Learn about matrices and how to perform different algebraic operations in R.

Becoming a competent data scientist requires a lot of dedication, hard work, and comfort with matrices.

The matrix is a tidy mathematical object with its own set of rules. Its algebra helps us understand matrix structure and its interactions with other matrices, vectors, and scalars.

This course will improve our ability to interact with matrices by teaching us to compute important matrix algebra operations.

Data is represented in computers as math objects, such as matrices and vectors. Data scientists interact with data through these computational tools.

This course is an agile review of algebra operations on matrices through coding in R, Rcpp, Armadillo, and Eigen to better understand the matrix object.

Note: This course doesn’t cover matrix algebra theory (it doesn’t include theorems and proofs) or matrix numerical methods (such as numerical stability issues and program optimization topics).

In this course, we’ll get acquainted with the skills required to loop through matrix columns and rows and call classes and methods of linear algebra (matrix math) libraries.

R is a free software environment for statistical computing and graphics. It compiles and executes on a wide range of operating systems, such as Unix, Linux, Windows, and MacOS.
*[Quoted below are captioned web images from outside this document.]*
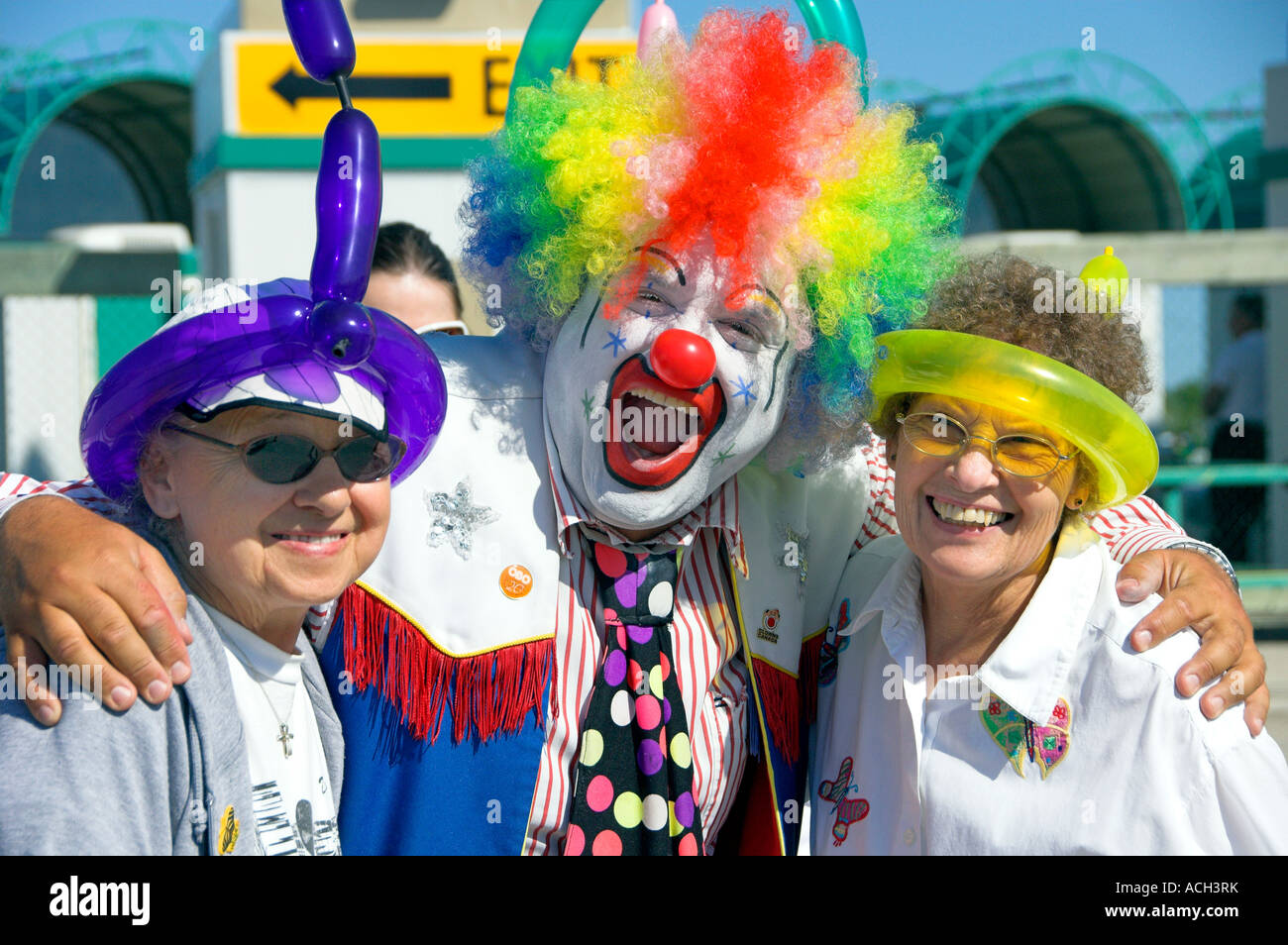 A clown in full colorful costume posing with two senior citizens at the Red River Exhibition in Winnipeg Manitoba Canada Stock Photo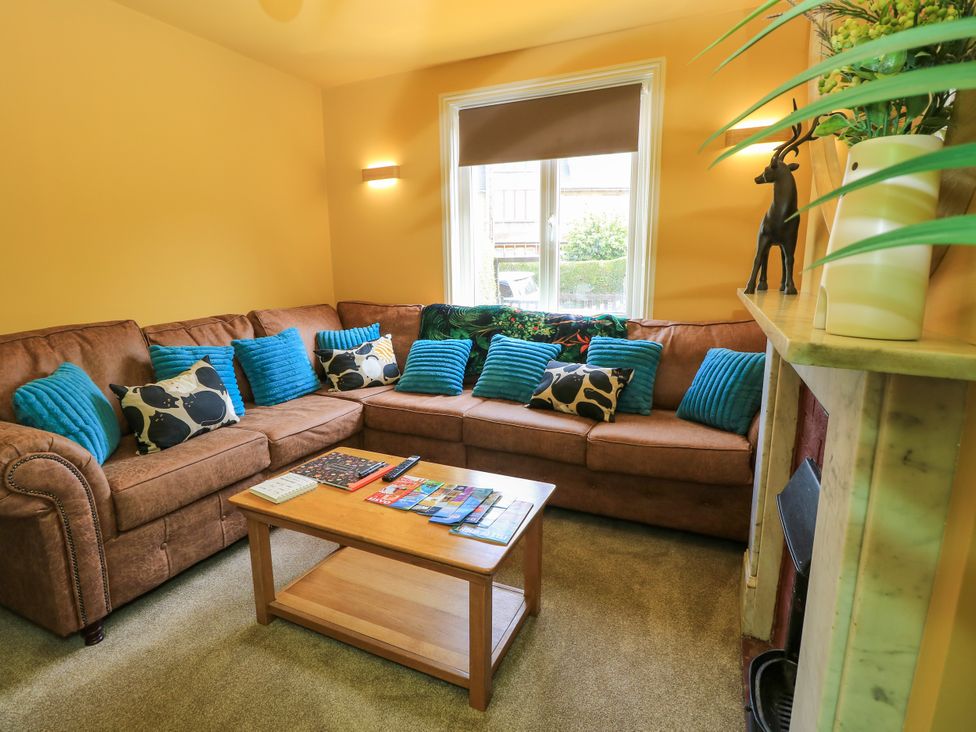 A living room with a brown sofa and a coffee table at 8 Manor Villas in Totland Bay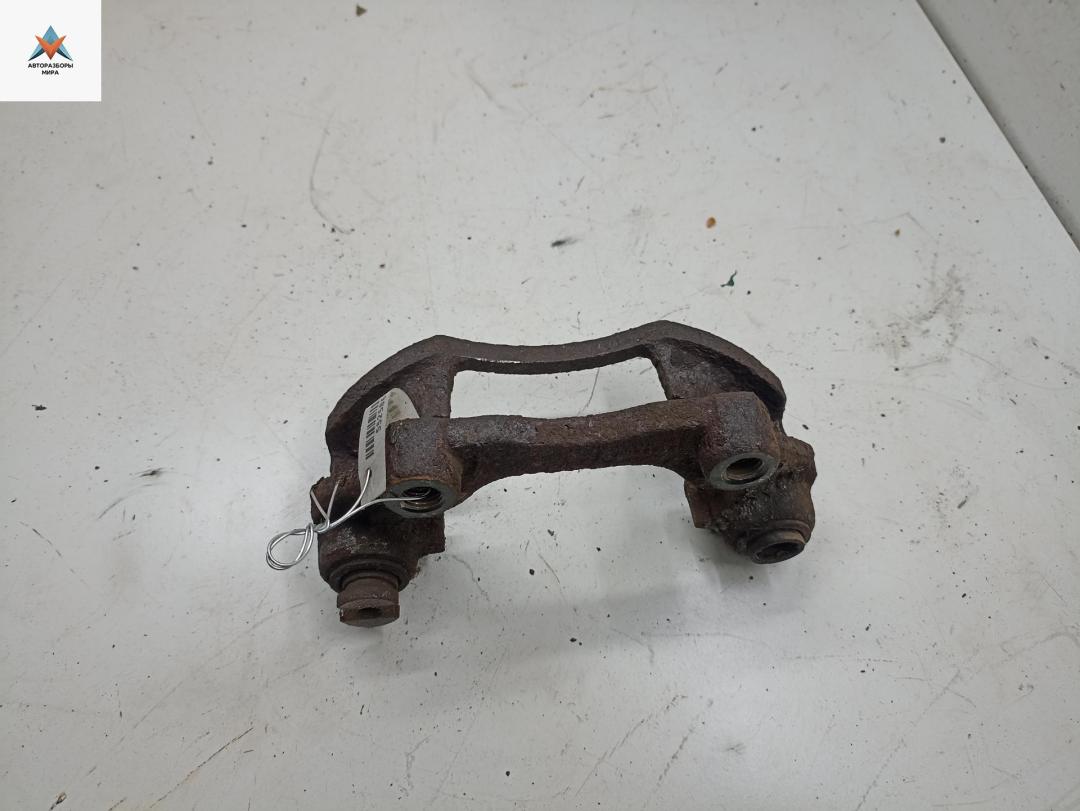 скоба суппорта Opel Astra G 1999, 2.0 л., дизель, МКПП, белый, универсал - фото №1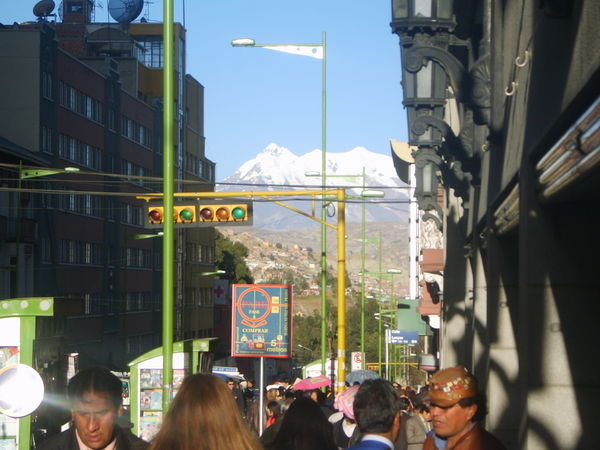 busy st in la paz with mountain looming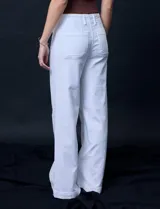 Pantalón de jean blanco de pierna ancha, tiro alto, pretina con pasadores, botón y cierre. Delantera y trasera con bolsillos.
Rcpp offers seamless integration of R and C++. Many R data types and objects can be mapped back and forth to C++ equivalents, which facilitates both writing new code and easier integration of third-party libraries.

C++ linear algebra libraries

One of the main rules in programming is never to reinvent the wheel. Therefore, a data scientist needs to be acquainted with the numerical matrix algebra libraries that are available. Armadillo and Eigen are both common choices for C++.

Armadillo is a high-quality linear algebra library for the C++ language, which aims for a good balance of speed and ease of use.

Eigen is a C++ template library for linear algebra. It supports all matrix sizes, from small (fixed-size) matrices to large, dense matrices, and even sparse matrices. It is generally considered fast, reliable, and elegant.

Course organization

Each section of the course covers one operation in matrix algebra, and focuses on the following concepts:

  • An explanation of the mathematical concept
  • Operation computation in R
  • Operation implementation in Rcpp
  • Computing with Armadillo C++ library
  • Computing with Eigen C++ library

In these sections, we will review the math, experiment with function calls in domain-specific computational tools, understand the complexity of implementing matrix operations, and get a feel for using optimized libraries.

Pre-requisites

It’s important to have these skills to fully understand and benefit from the course:

  • Some background knowledge of matrix algebra

  • Some background knowledge of computer science

  • Some familiarity with R and C++